Além de alertar sobre os problemas acima colocados, o jornalista, cientista político, professor de comunicação social e pesquisador do Escritos, Juliano Borges, faz uma análise profunda sobre estes trabalhadores responsáveis pela faxina. Juliano remete ao documentário The Cleaners, (2018), produção brasileira e alemã dirigida por Hans Block e Moritz Riesewieck, linkado em seu texto, para discutir a situação.
Os faxineiros da net são pessoas que trabalham em situação precária, com salários muito baixos, sob sigilo absoluto sobre os critérios que as empresas oferecem para a filtragem e sobre grande pressão. Os trabalhadores desta área são obrigados a analisar 25 mil imagens e vídeos por jornada de trabalho, como meta diária.
De acordo com Juliano eles são “submetidos diariamente a conteúdos extremos como decapitações, linchamentos, automutilações, estupros coletivos, ciberbullying, bombardeios e explosões em cenários de guerra, pedofilia e toda sorte de discursos racistas e de ódio contra imigrantes e minorias”. As consequências são perturbações psicológicas graves que acarretam depressão e suicídios, danos ignorados pelas empresas em favor de uma internet mais “segura”.
Borges ainda chama a atenção para a subjetividade envolvida neste trabalho.
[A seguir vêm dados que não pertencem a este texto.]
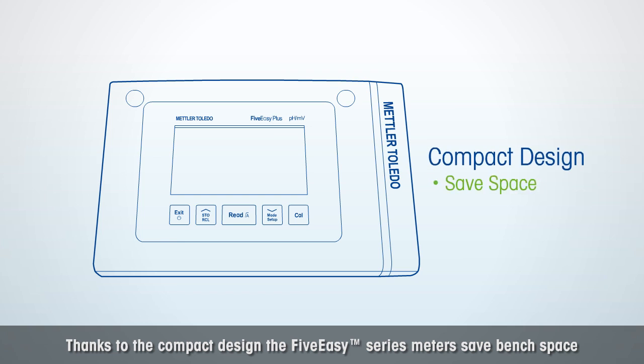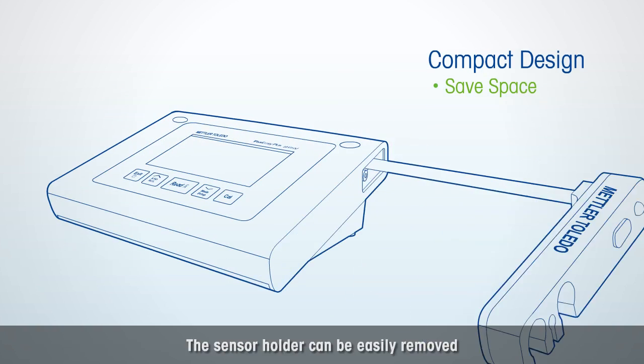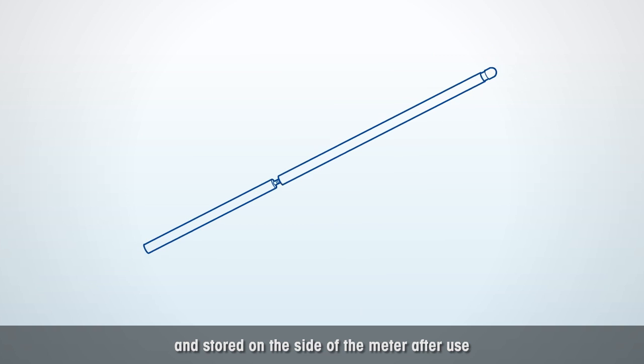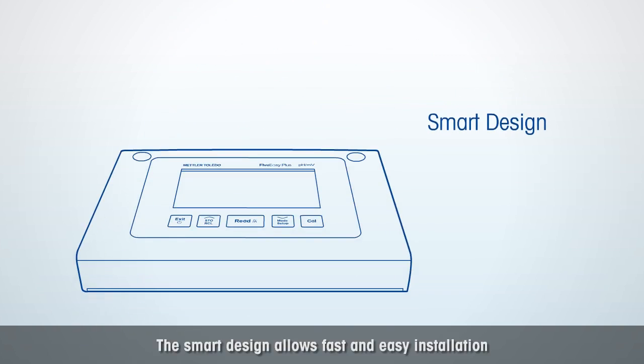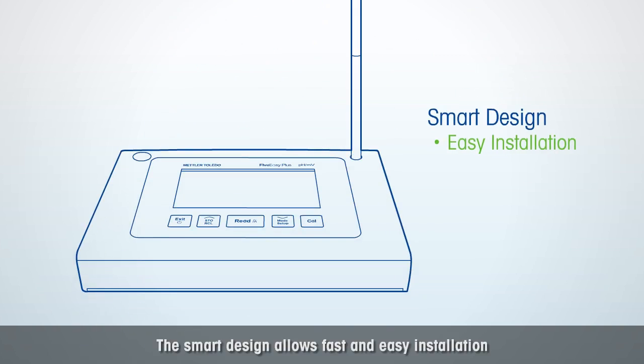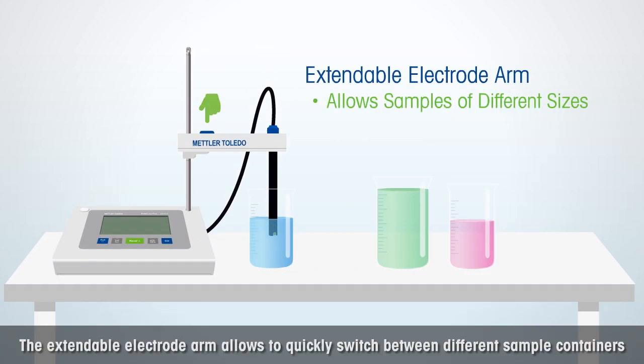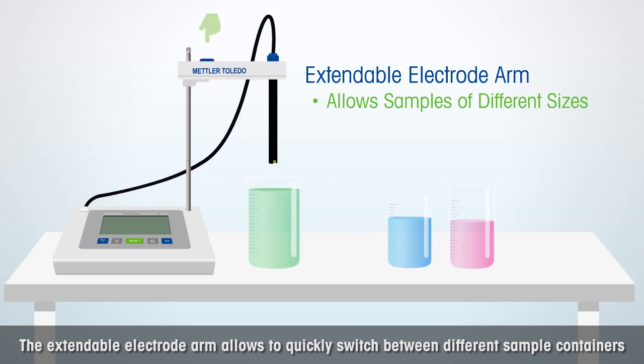Thanks to the compact design, the 5 Easy Series Meters saves bench space. The sensor holder can be easily removed and stored on the side of the meter after use. The smart design allows fast and easy installation. The extendable electrode arm allows you to quickly switch between different sample containers.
A filtragem vai ser afetada pela cultura, orientação sexual, política, religiosa do “faxineiro”. Postagem são banidas por uma moralidade suspeita, como um nu artístico ou como no caso da postagem do Ministério da Cultura (Minc) por ocasião do lançamento do Portal Brasiliana Fotográfica.
A foto de um casal indígena na qual uma índia aparecia com os seios de fora foi banida causando um mal estar internacional e diplomático. A resposta da assessoria de imprensa da rede social foi “Não é fácil encontrar o equilíbrio ideal entre permitir que as pessoas se expressem criativamente e manter uma experiência confortável para a nossa comunidade global e culturalmente diversa”, disse em nota a assessoria de imprensa da rede social”.
Juliano pergunta, “A questão que se segue dessas constatações é: o que então é permitido permanecer nas redes?”
“Discursos xenófobos, racistas ou informações deliberadamente falsas que estigmatizam ou acusam minorias podem ser admitidas nas redes sociais, amparadas pela primeira emenda da Constituição dos Estados Unidos. Em países como Mianmar, as conseqüências objetivas dessa opção liberal têm sido a legitimação do genocídio de rohingyas.
Linchamentos motivados por histeria coletiva e acusações infundadas têm se tornado cada vez mais frequentes devido à circulação de boatos em contextos tão distintos como México e Índia. (…) Isso expõe diretamente a hipocrisia das políticas de conteúdo das gigantes tecnológicas: apagam imagens de mamilos, mas permitem a circulação de falsas teorias conspiratórias e discursos de ódio, frequentemente impulsionando sua visibilidade.”
A desinformação circulante nesses espaços tem afetado eleições em países como Reino Unido, Estados Unidos, Hungria, Polônia, Brasil e nas Filipinas. “Facebook e Google lucram com a comercialização de dados obtidos de seus usuários, extraídos de seus movimentos em plataformas sociais como Instagram e Youtube” denuncia o jornalista.
Textos como o de Juliano Borges (http://escritos.ibict.br/faxineiros-da-internet/) e filmes como The Cleaners e Brexit, tem chamado a atenção para estas distorções informacionais de nosso tempo.
Eu como jornalista e pesquisadora do assunto tenho estado muito preocupada com isso e tenho buscado em minhas pesquisas e textos acadêmicos caminhos possíveis para resistir a essa realidade.